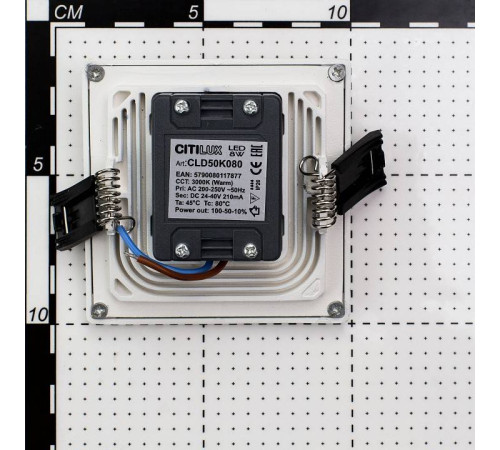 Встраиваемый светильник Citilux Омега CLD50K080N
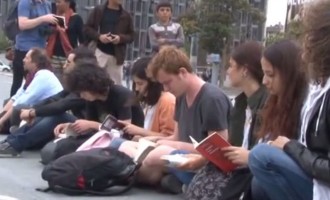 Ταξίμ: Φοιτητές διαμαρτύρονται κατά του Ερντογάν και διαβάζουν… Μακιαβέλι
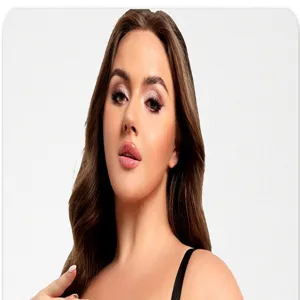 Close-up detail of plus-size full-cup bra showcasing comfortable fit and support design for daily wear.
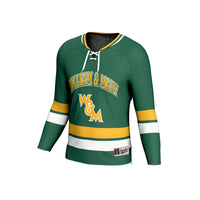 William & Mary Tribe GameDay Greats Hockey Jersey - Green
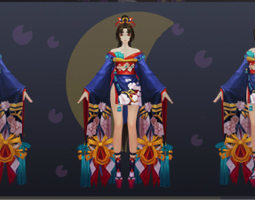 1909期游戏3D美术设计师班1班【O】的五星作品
* * *
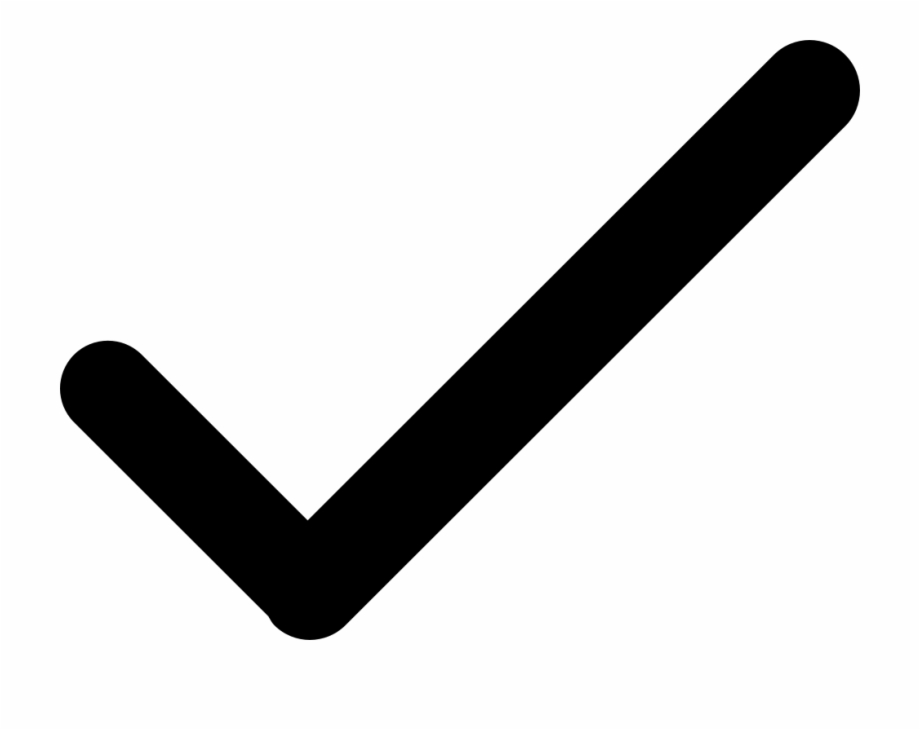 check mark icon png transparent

# WHAT TO DO
After locating the line containing "Встраиваемый светильник Citilux" in the entries above, return it and every line after it exactly, ending at the line containing "1909期游戏3D美术设计师班1班【O】的五星作品", without pictures.

# SOLUTION FOR THIS TASK
 Встраиваемый светильник Citilux Омега CLD50K080N
 Ταξίμ: Φοιτητές διαμαρτύρονται κατά του Ερντογάν και διαβάζουν… Μακιαβέλι
 Close-up detail of plus-size full-cup bra showcasing comfortable fit and support design for daily wear.
 William & Mary Tribe GameDay Greats Hockey Jersey - Green
 1909期游戏3D美术设计师班1班【O】的五星作品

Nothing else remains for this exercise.